¿Qué escribe el que lee? ¿Qué lee el que escribe? Dos preguntas intercambiables que implican una banda de moebius entre lo que se escribe y la lectura. Como las manos de M. C. Escher (“Manos dibujando”, 1948), encontrándose en el papel y sobresaliendo del mismo para trazarse. Barthes decía que con ciertos libros levantaba la cabeza, una forma de escribir en el aire lo leído, realizar el propio texto en la nebulosa de la lectura. De esta manera, podríamos empezar por una condición de lectura, la elevación, y una materialidad de la escritura, el trazado. ¿Qué escribe entonces el que lee? Sin duda su propio libro, cuya edición es muy particular. Se trata de una edición variable: el libro que escribe en el momento en que está leyendo, aquel que va incorporando a través de subrayados volátiles (levantamientos de cabeza). Como en Alicia en el país de las Maravillas, es un libro que puede cambiar su dimensión según los tiempos. O acaso, mutante lector, tus subrayados no cambian según las épocas. ¿No has experimentado en ciertas ocasiones resultarte absolutamente irreconocible en subrayados que hicieras en lecturas precedentes?, preguntarte: ¿qué significó para mí dicha frase?, ¿por qué marqué con un lápiz semejante sensiblería? O también la intriga de reencontrar el sentimiento de afinidad: algo de mí quedó oculto bajo ese subrayado… Y esta es otra cualidad de la edición del libro de la lectura: el esfumado de su significado. Más que un libro para la posteridad, es un libro propio, secreto, donde se cuecen los sentidos, y que flota como balsa en las aguas de la memoria, a la manera de Felisberto Hernández, un promotor de las ideas móviles ante la preponderancia de las fijas…

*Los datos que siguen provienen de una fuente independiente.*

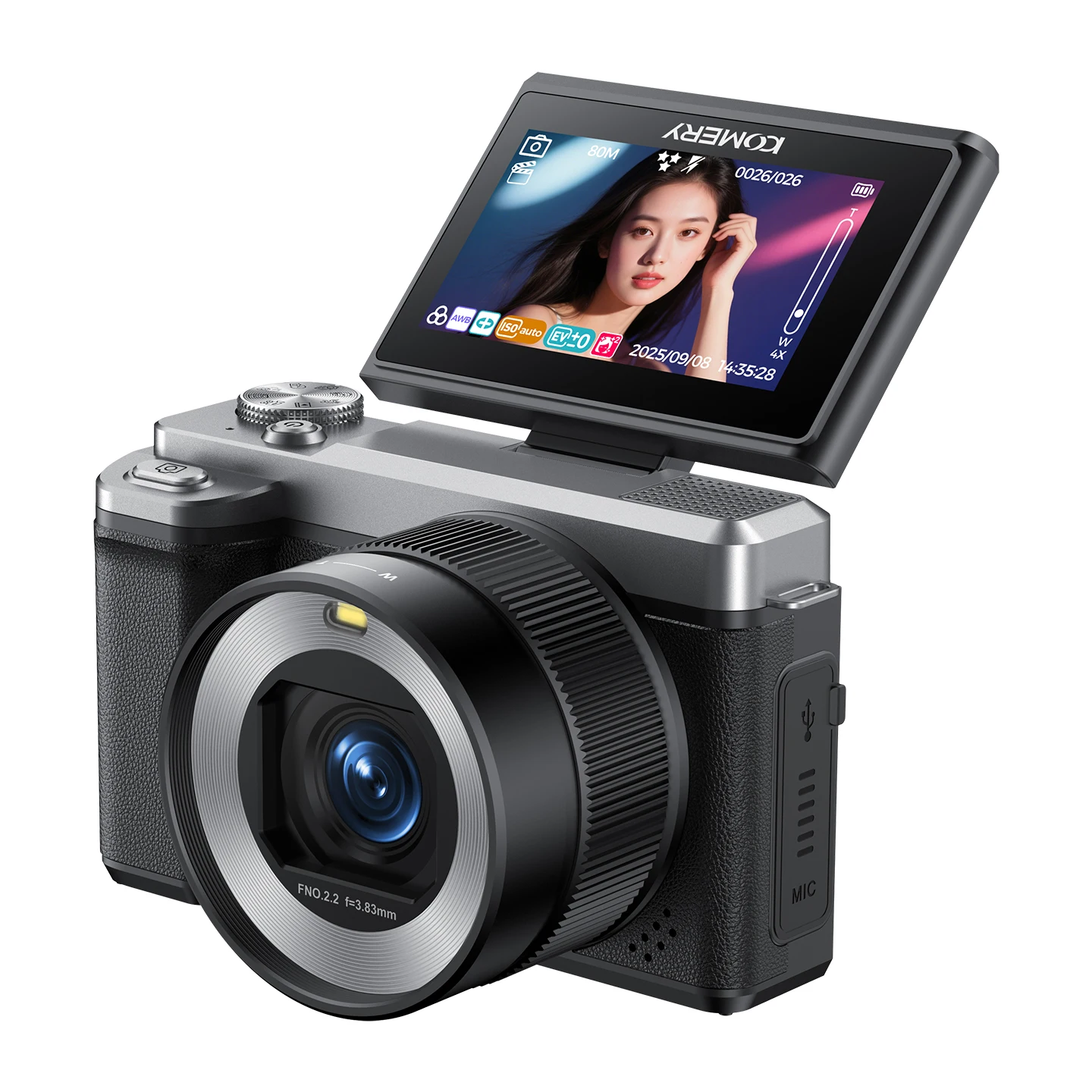 Digital Camera CCD Front and Rear Dual Lens Portable Digital Camera 18X ...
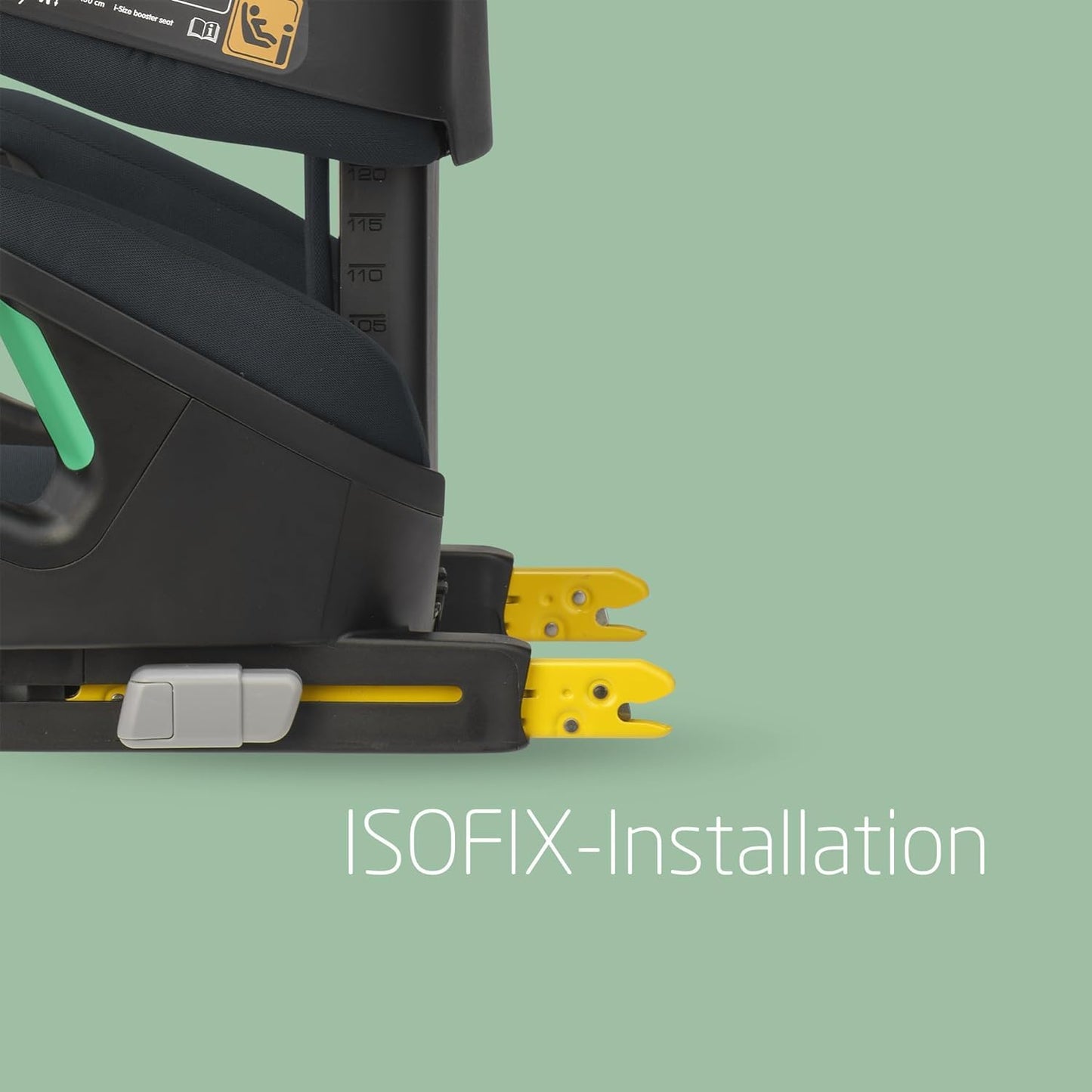 Maxi-Cosi RodiFix M i-Size, Kindersitz mit hohem Rücken, 3,5–12 Jahre, 100–150 cm, ISOFIX-Kindersitz, G-CELL Seitenaufprallschutz, verstellbare Höhe, schnelles und einfaches Anschnallen, Basic Grey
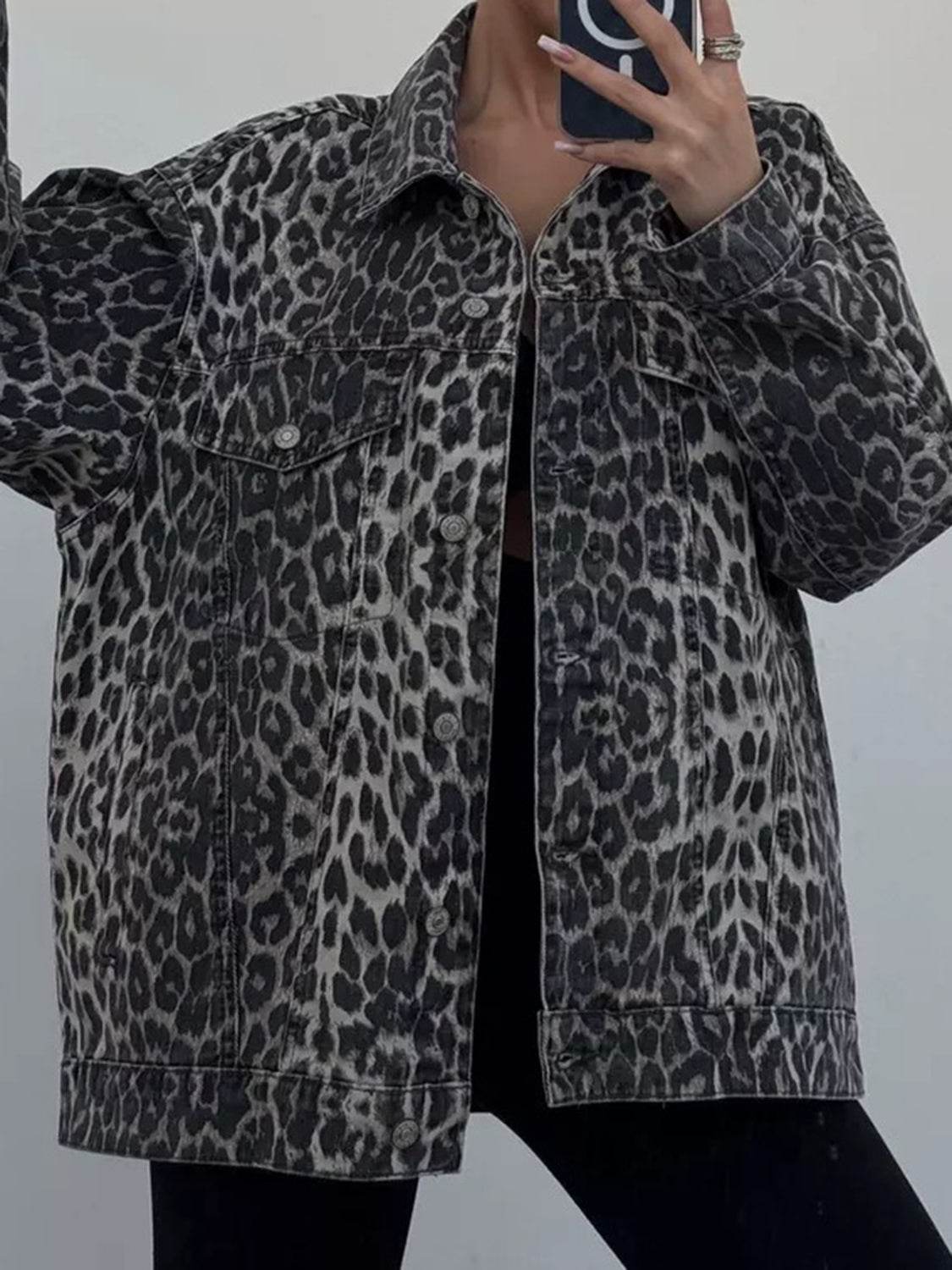 Leopard Button Up Long Sleeve Denim Top - Delanoir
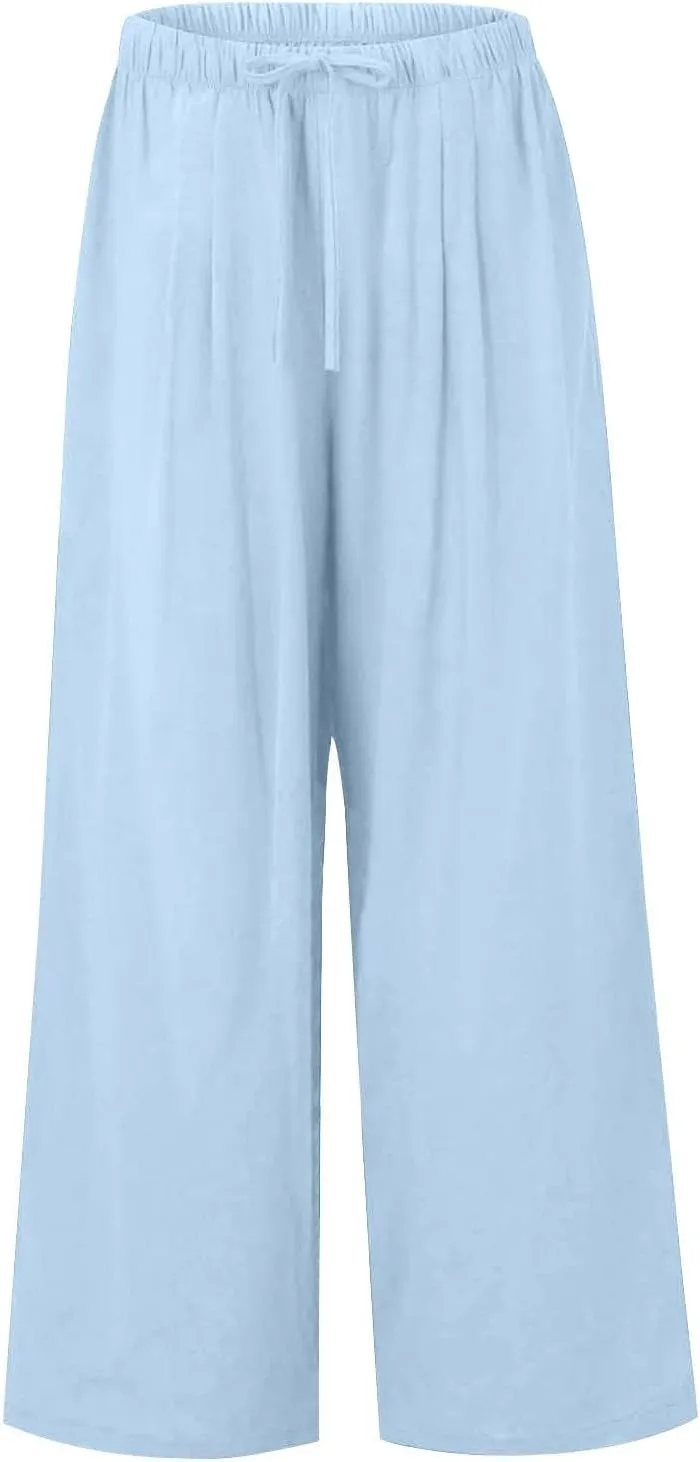 Summer Linen Pants Women Casual Drawstring Elastic Waist Palazzo Pants Flowy Boho Wide Leg Beach Trousers with Pockets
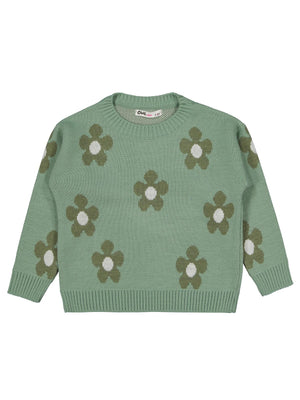 Civil Girls Papatya Desenli 2-5 Yaş Kazak - Haki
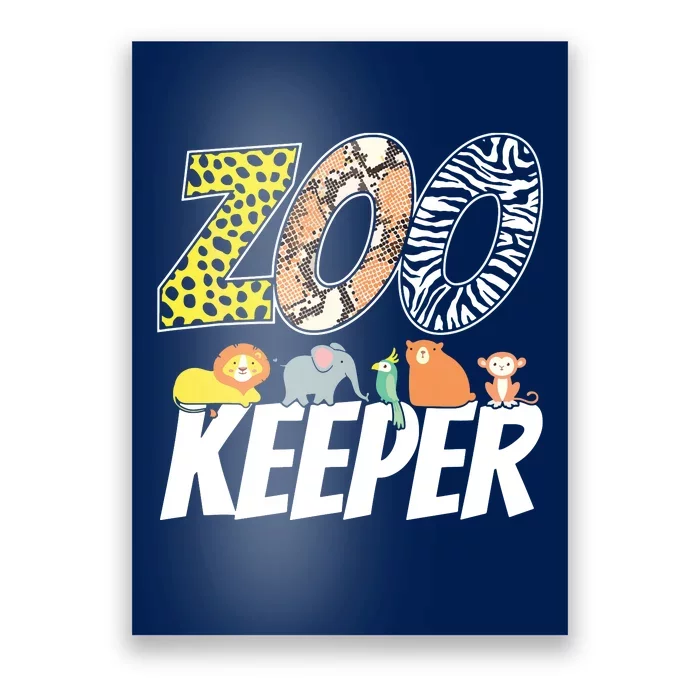 Zookeeper Costume African Savanna Zoo Keeper Animals Lover Poster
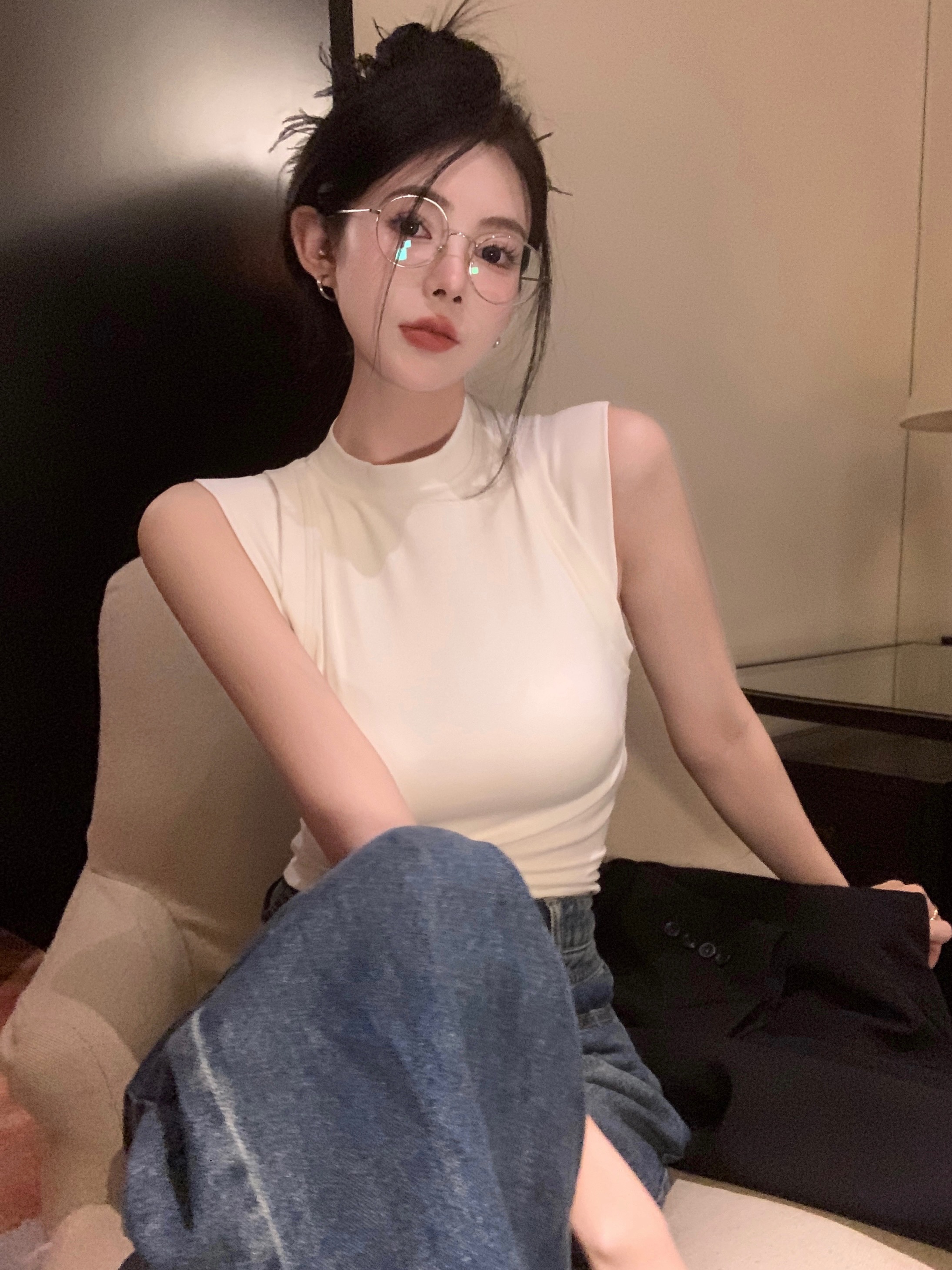甜辣妹半高領吊帶背心女夏季純欲收副乳簡約性感工字內搭上衣外穿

La escritora rusa, Nina Berberova quiso establecer la lectura de su vida y tituló su biografía El subrayado es mío (1957). Claro que esa fue su vida “subrayada” a los cincuenta años. ¡Sería interesante pensar un escritor con varias autobiografías!
Pero volviendo al libro del lector, más allá de sus características intangibles, podríamos pensar su contenido como una suerte de caja de resonancias. Frases nubes que un día se enlazan con algún pájaro que sobrevuela nuestra mente, y otro se esfuman, y reaparecen bajo la forma de una pregunta. Porque así como le rehúyo a ciertas fijezas, tampoco me atraen las lecturas por identificación, o en todo caso, festejo aquellas que provocan una identificación inesperada; descubrir lo propio sin reconocerse. Ya no bajo el típico comentario de filiación, “ah, me pasa lo mismo que a este personaje” o “soy igual a”… etc. Que la lectura no sea un texto de ratificación, sino de asombro. Parecido a lo que le ocurre a León, el segundo amante de Madame Bovary, cuando le dice a Emma: “¿No le ha ocurrido algunas veces tropezarse en un libro con alguna idea vaga que se ha tenido, como una imagen borrosa que nos viene de lejos, algo así como la exposición completa de nuestros sentimientos más sutiles?”